Thanks for creating the issue @regoawt

May I suggest to also take the django username as well into account. This would allow to map the username to the userPrincipalName instead having it fixed with the email

By the way, I saw you marked #11 as not planned. Would the request not also fit the same logic of having the fields configurable from the settings providing more flexibility what can be passed from Azure to the application?

regoawt commented 5 months ago

@sebastian-muthwill thanks for the suggestions.

Despite what I've written in the issue description, I'm currently leaning away from using a mapping structure to assign the AAD attributes on the Django user model, and instead towards making the user define a custom UserManager.create_user() method in which one can do the assignment in a fully customisable way.

One of the main advantages of this approach is to avoid the 1 to 1 mapping between the Azure attributes and Django fields. An example would be if a User model includes a full_name field which should be set to azure_user['givenName'] + azure['surname'].

I marked #11 as unplanned for this reason but I will reopen it as I am planning on incorporating some elements from that issue i.e pulling out the extra fields from the Microsoft Graph endpoint and passing them as kwargs to the UserManager.create_user() method.

regoawt commented 4 months ago

I've made a v2.0.0 prerelease that people can check out.
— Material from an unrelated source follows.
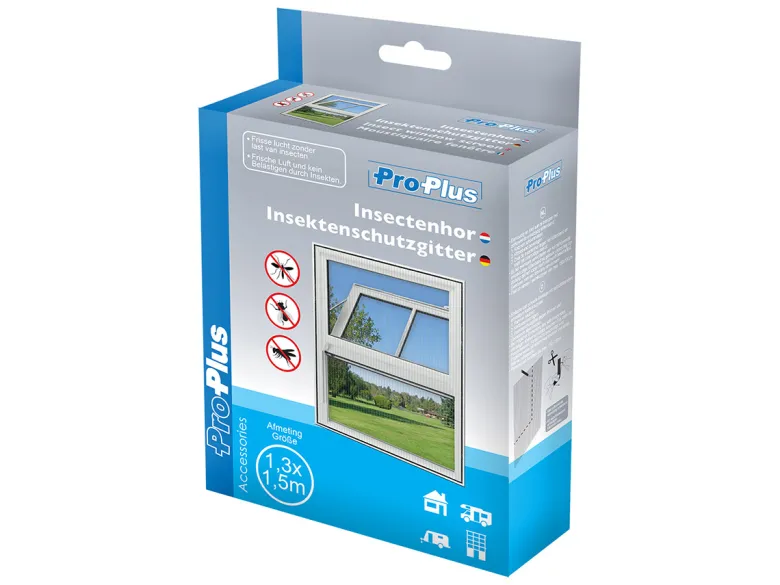 ProPlus insectenhor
In the end I didn't pass the attributes directly into UserManager.create_user() as:

  1. This would force users into creating a custom UserManager, which would be a problem if you're using the default User model
  2. The create_user() method assumes that all kwargs passed in correspond to attributes/fields on the user model, so passing in raw AAD attributes without handling them would result in AttributeErrors during authentication.

The intermediate mapping function strategy should hopefully mitigate those issues while still allowing full customisation of how AAD attributes can be translated into Django user model attributes/fields.